Senators Call for Reinstatement of Glass-Steagall Act

Senators Maria Cantwell (D., Wash.) and John McCain (R., Ariz.) plan legislation to reinstate the Glass-Steagall Act of 1933, which separated walls between investment and commercial banking.

Source: Source: WSJ | Published on December 17, 2009

There’s no indication that the bill might eventually become law, but after comments made Tuesday by House Majority Leader Steny Hoyer (D., Md.), in which he said such a proposal might get a look in the House. That’s enough to drive bankers bonkers.

The walls put up by Glass-Steagall were mostly stripped away by the Gramm-Leach-Bliley Act of 1999. The House passed a bill last week that would penalize large banks through fees, capital requirements, and potential limits on business. The bill didn’t reinstate Glass-Steagall, but it did give regulators the power, on a case-by-base basis, to separate banking and commerce operations at specific banks if certain concerns arose.

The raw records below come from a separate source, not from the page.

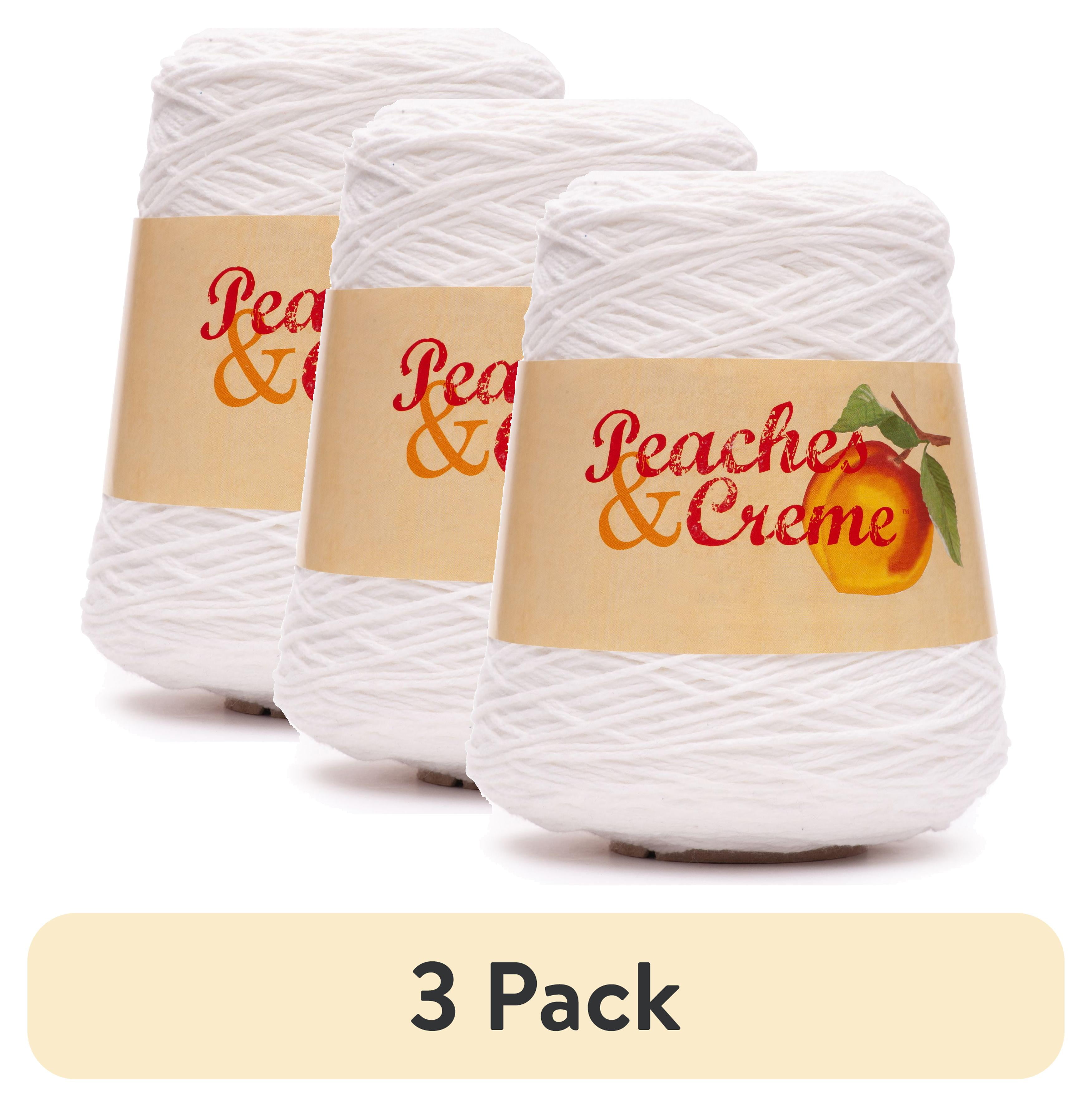 (3 pack) Peaches & Creme Cone 4 Medium Cotton Yarn, White 14oz/400g, 674 Yards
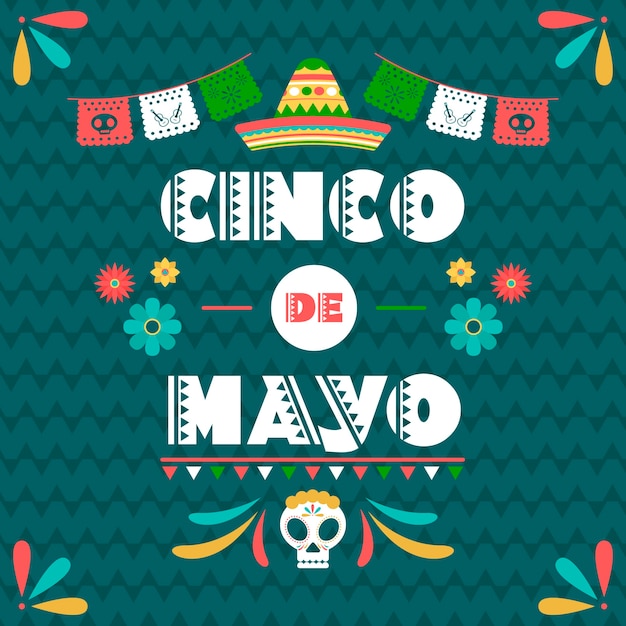 Free Vector | Cinco de mayo with mexican flag and skull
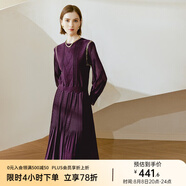 顏域黑色連衣裙春冬季女裝2024年新款顯瘦連身裙針織假兩件百褶裙 紫色（加厚） XL/42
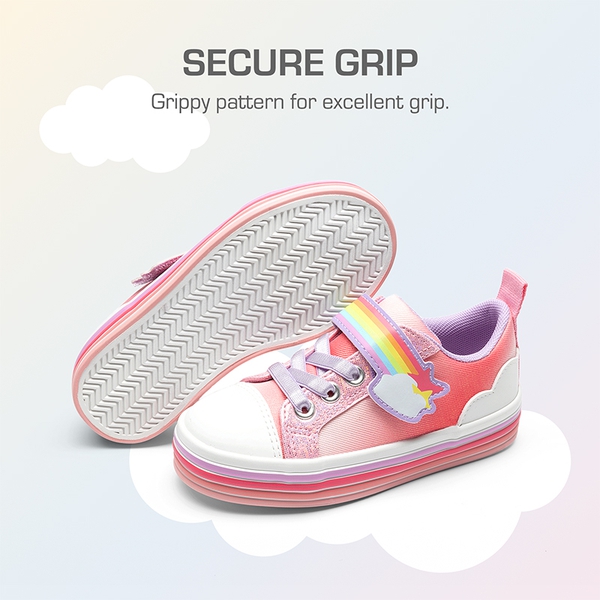 Girls’ Rainbow Ombre Hook-and-Loop Sneakers - RAINBOW/PINK - 4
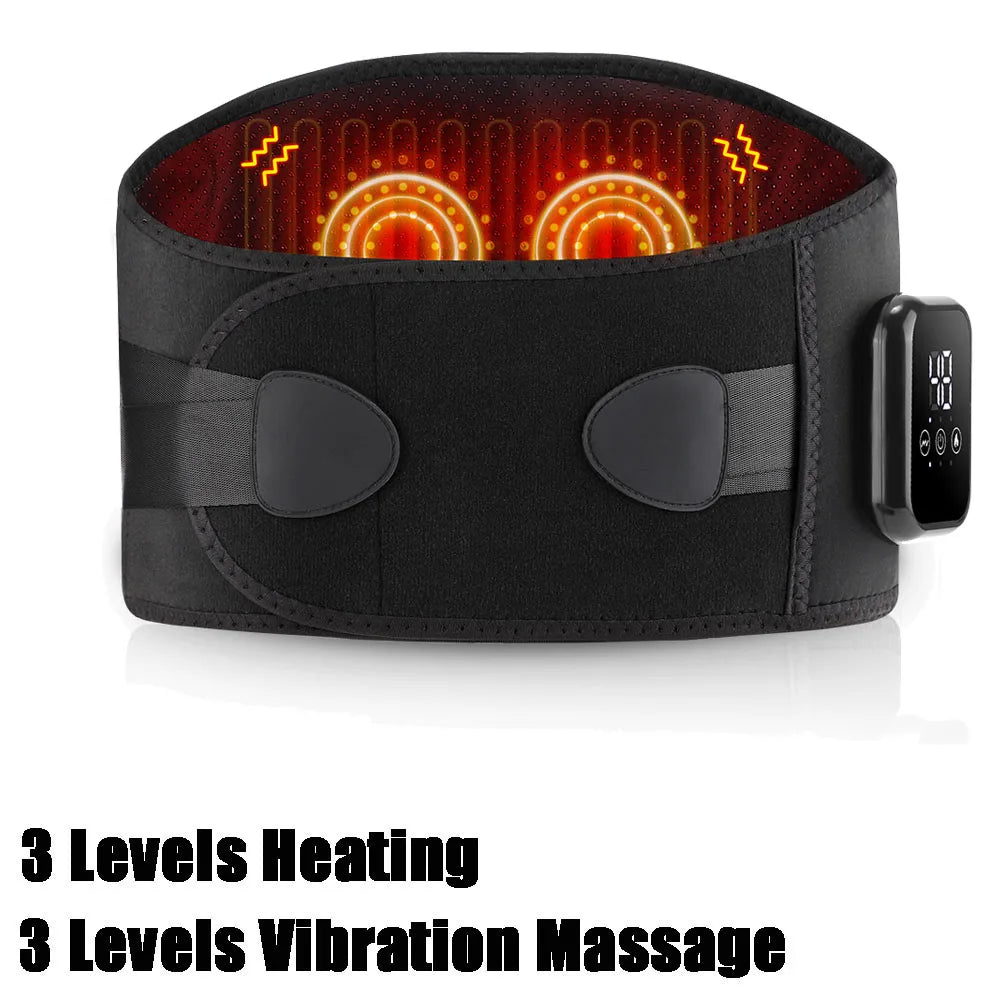 Electric Heating Waist Massager,Vibration Hot Compress Massage Belt,Lumbar Decompression Brace,Lower Back Support,Muscle Relax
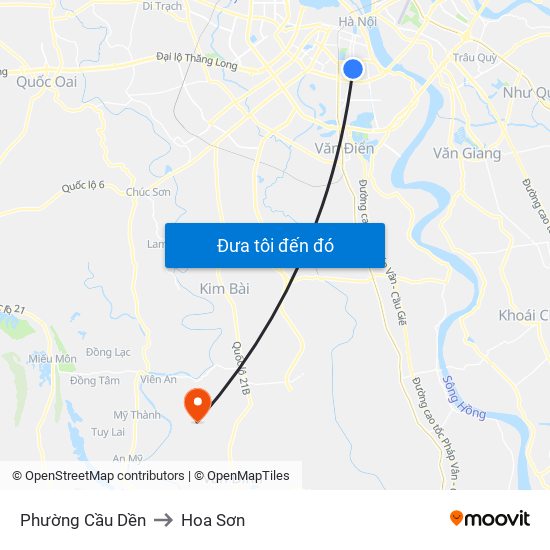 Phường Cầu Dền to Hoa Sơn map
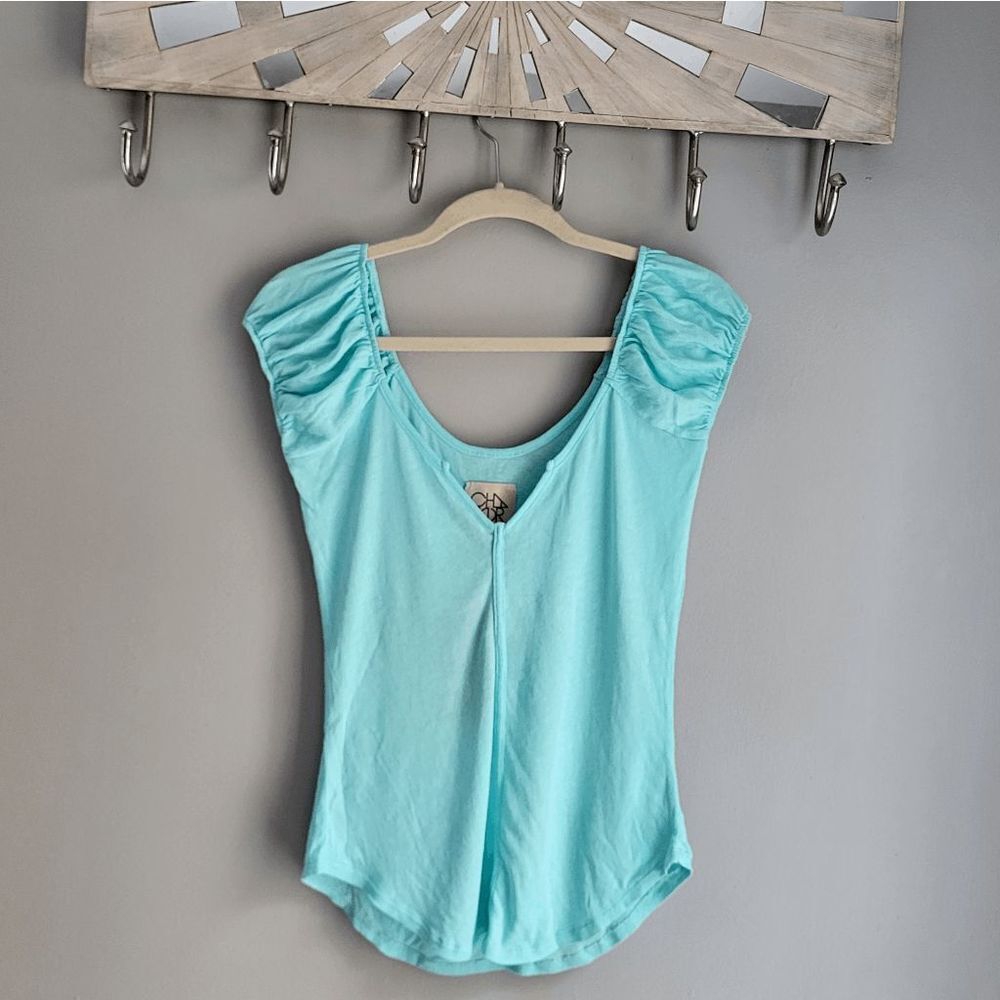 Chaser Gauze Jersey Cap Sleeve Top, Medium, Blue Lagoon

Many have cited the repeal of Glass-Steagall as key element in exacerbating the financial crisis. Federal Reserve Chairman Ben Bernanke has called that view into question. “I don’t think that if that law had been in place it would have had much effect on this particular crisis,” he said in an interview with Time magazine published today. “Investment banks manage to go bankrupt through their investment-banking activities, commercial banks manage to go bankrupt through their commercial-banking activities. It wasn’t really the case that the combination was the major problem.”

Sens. Cantwell and McCain are calling their bill the “Banking Integrity Act of 2009.”